→ **AIM OF THE TASK**
Your answer should be the lines from the one with "FINGERINSPIRE Astronaut Schablonen, 30" to the end of the data below, both included, exact and free of pictures.

EXTRACTED RECORDS Start Marker

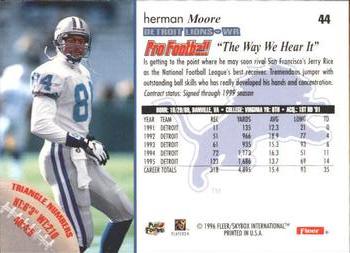 1996 Fleer #44 Herman Moore Back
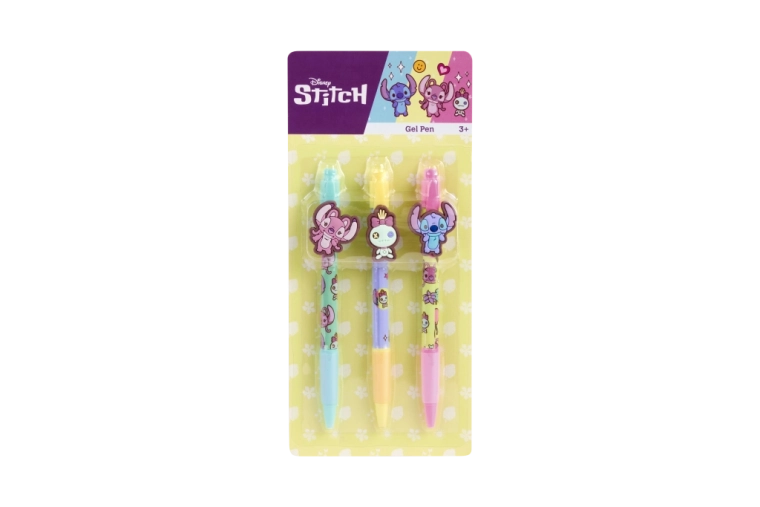 Set de pixuri gel STITCH cu clips mare, 3 buc
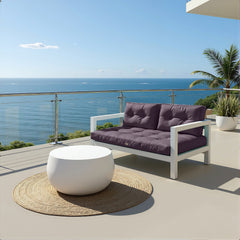 Coussins pour salon de jardin capitonné 120x60cm gris carbone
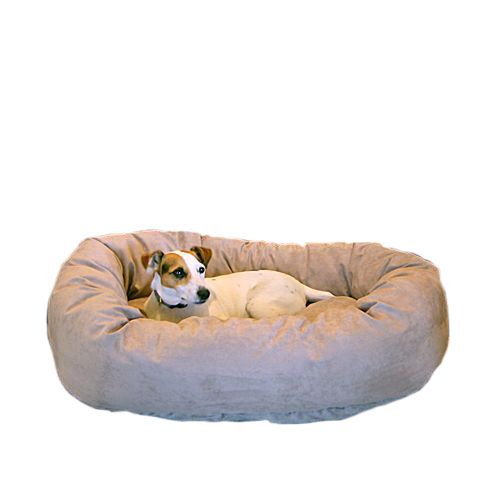 Majestic Pet 78899567505 52 in. Bagel Dog Pet Bed Suede Stone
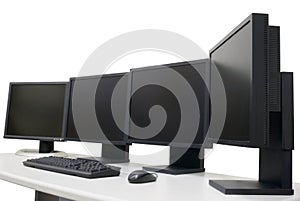Designer's workplace with monitors
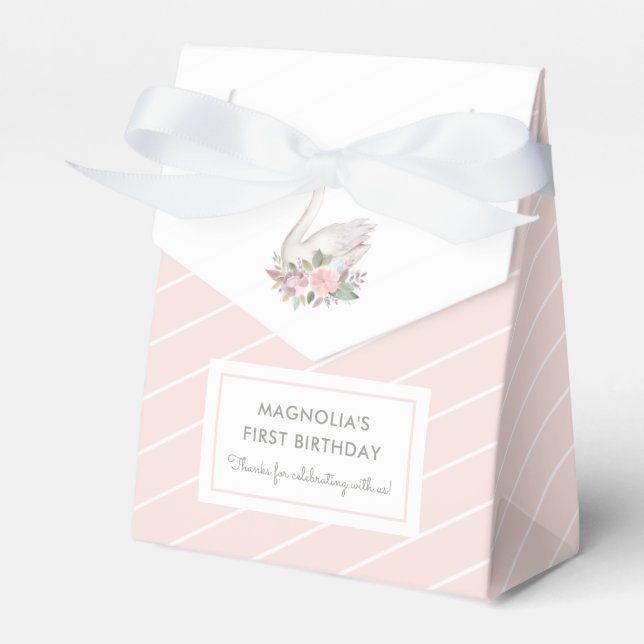 Aquarell Floral Swan Princess Birthday Geschenkschachtel (Vorderseite)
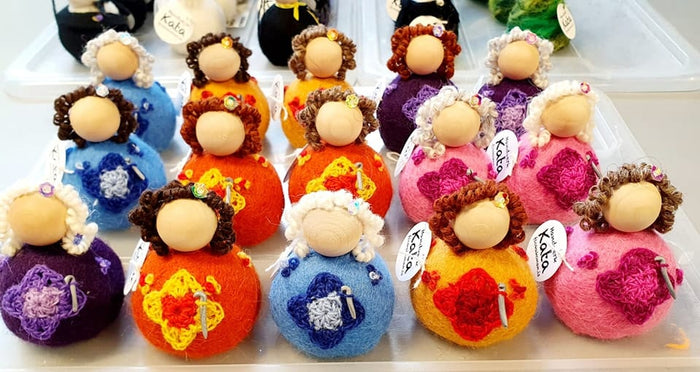 Felted wool Crochet Lady - Yellow - The Icelandic Store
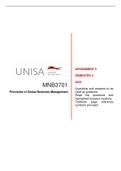 MNB3701 Assignment 5 2022 (Semester 2) - Distinction Guaranteed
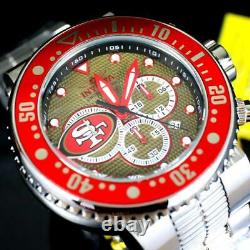 Invicta NFL Grand Pro Diver San Francisco 49ers Steel Chronograph 52mm Watch New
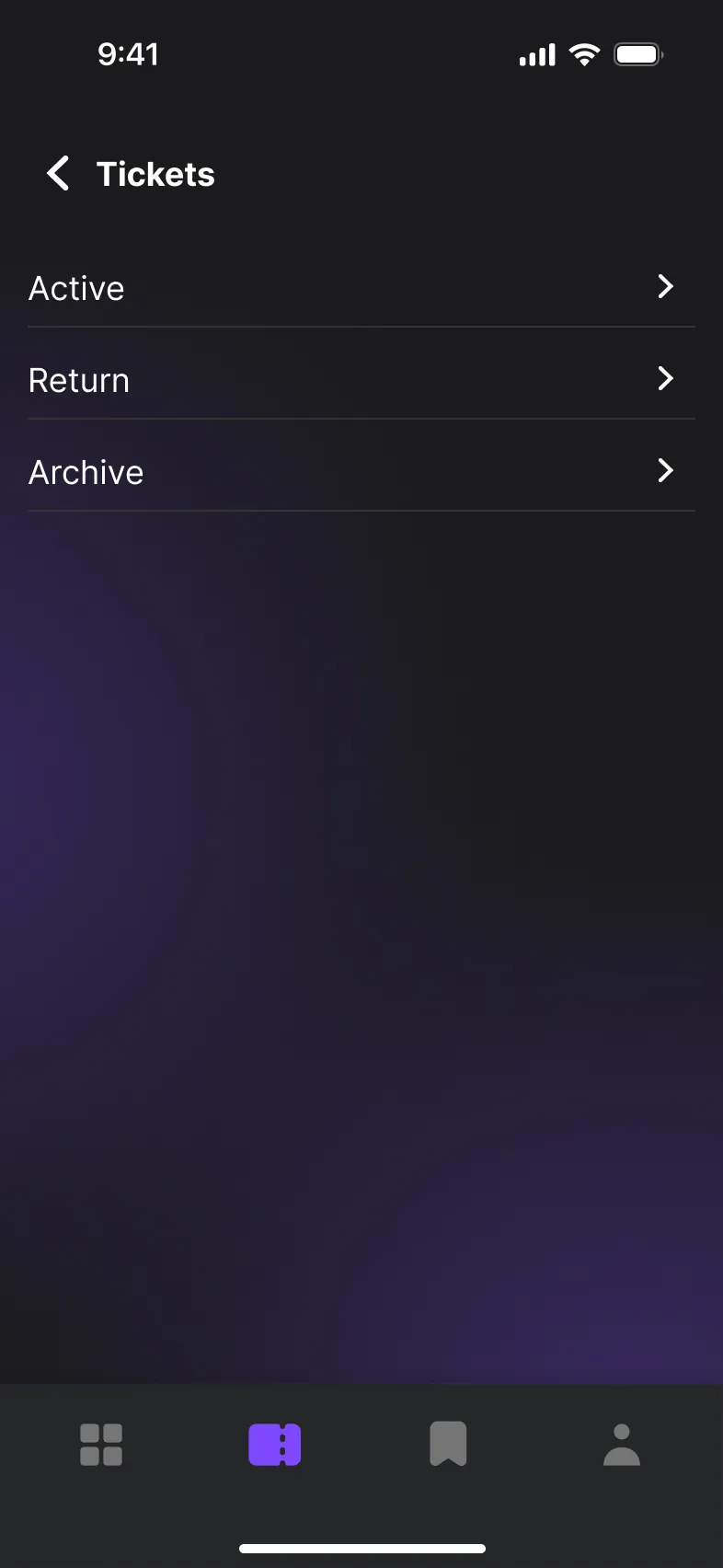 Tickets screen with three sections: Active, Return and Archive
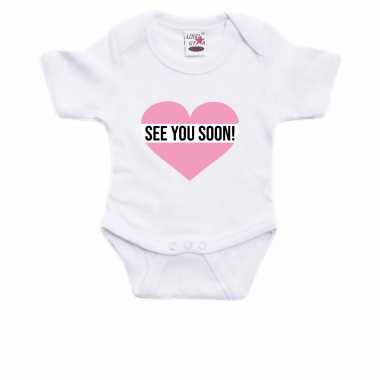 Goedkope see you soon roze hart gender reveal baby rompertje wit meisjes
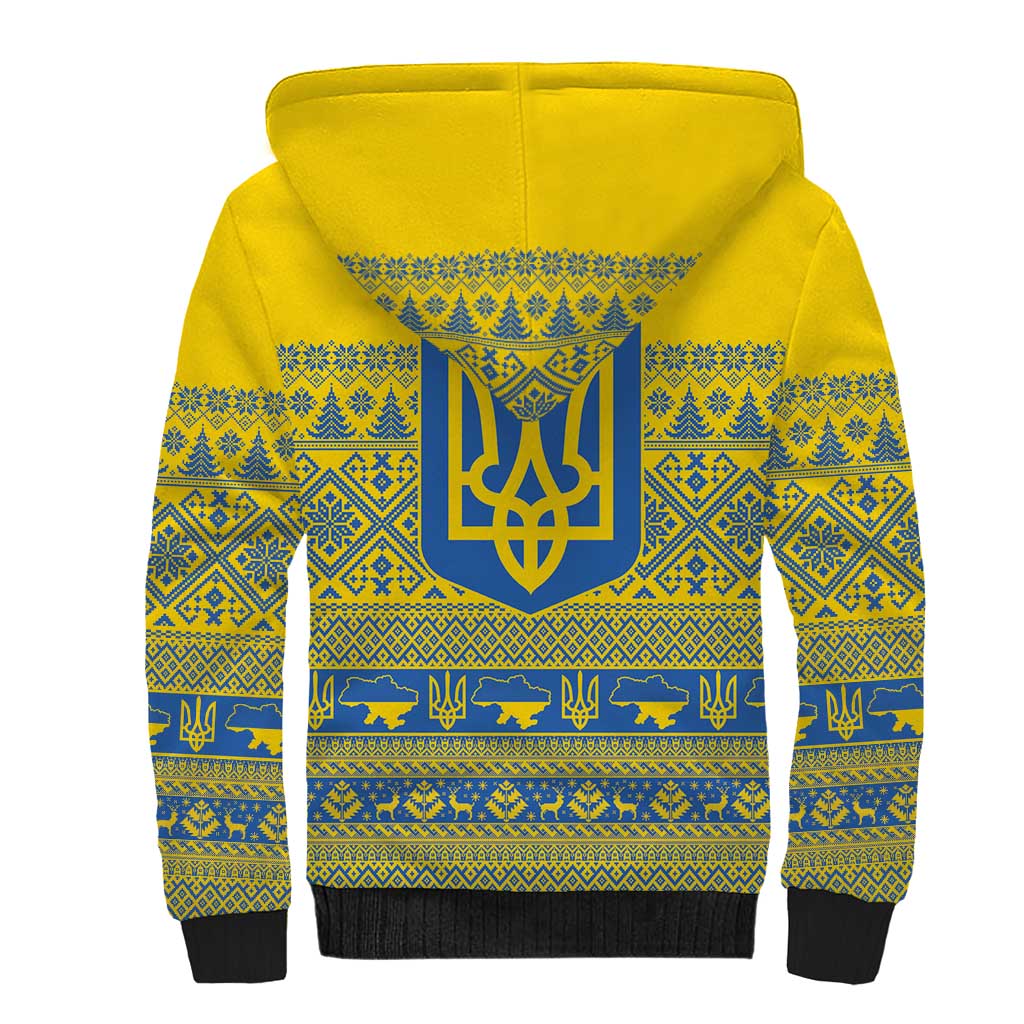 Ukraine Trident Christmas Sherpa Hoodie Vyshyvanka Patterns - Wonder Print Shop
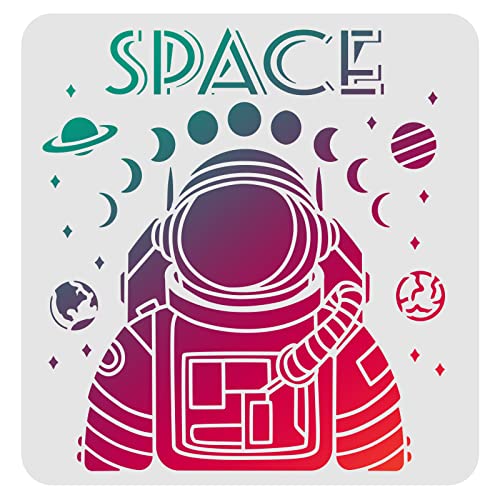 FINGERINSPIRE Astronaut Schablonen, 30 x 30 cm, Weltraumthema, Malschablone, Planet und Mond, Schablone zum Zeichnen von Sternen für die Malerei auf Holz, Boden, Wand, Stoff von FINGERINSPIRE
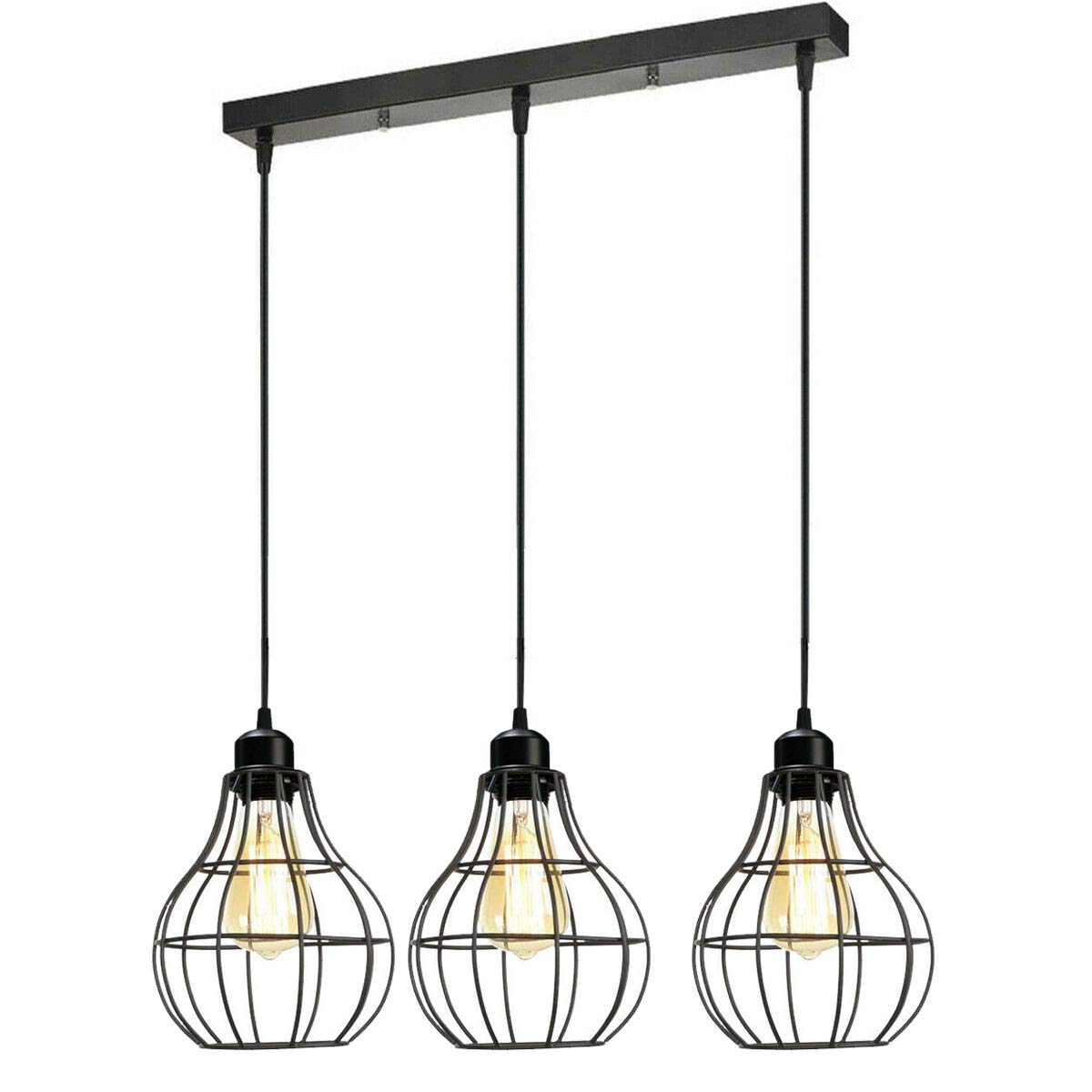 LEDSone Vintage Retro 3 Way Ceiling Pendant Light Cluster Light Fitting Black Diamond Shaped Wire Cage Lampshades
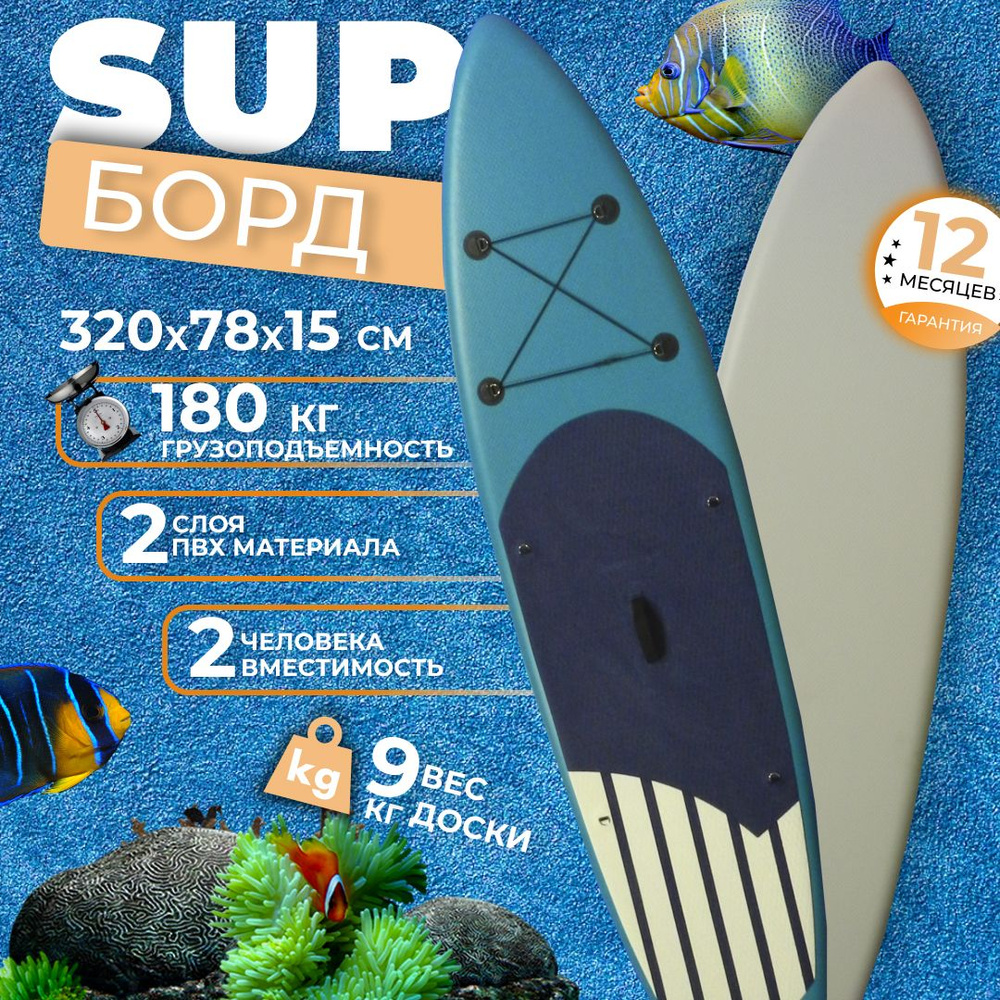 Надувной прогулочный SUP board Viking 320*78*15 см с насосом в комплекте и влагозащитным рюкзаком / Сап #1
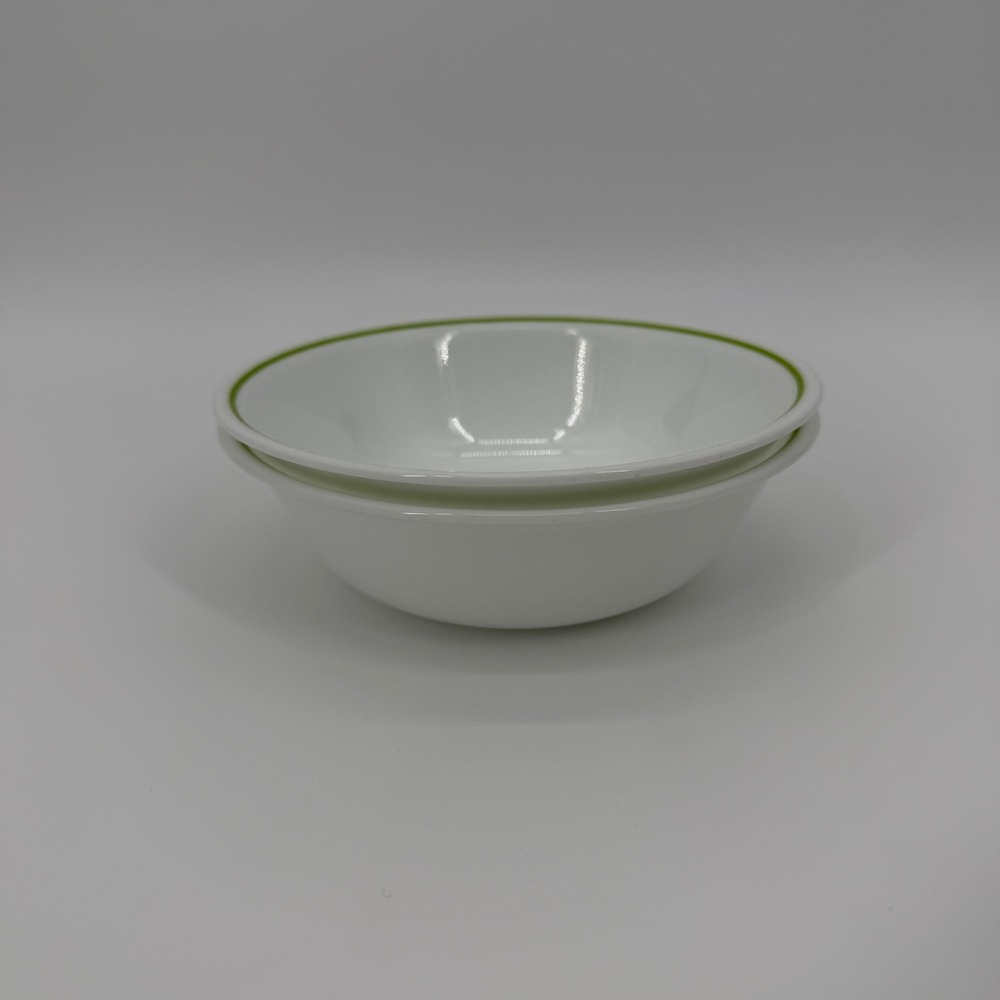 Corelle Spring Leaf Cereal Bowls Set of 2 White with Green Rim Vitrelle Glass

EXTRACTED RECORDS End Marker

→ **ANSWER TO THIS TASK**
 FINGERINSPIRE Astronaut Schablonen, 30 x 30 cm, Weltraumthema, Malschablone, Planet und Mond, Schablone zum Zeichnen von Sternen für die Malerei auf Holz, Boden, Wand, Stoff von FINGERINSPIRE
 LEDSone Vintage Retro 3 Way Ceiling Pendant Light Cluster Light Fitting Black Diamond Shaped Wire Cage Lampshades
 Надувной прогулочный SUP board Viking 320*78*15 см с насосом в комплекте и влагозащитным рюкзаком / Сап #1
 Corelle Spring Leaf Cereal Bowls Set of 2 White with Green Rim Vitrelle Glass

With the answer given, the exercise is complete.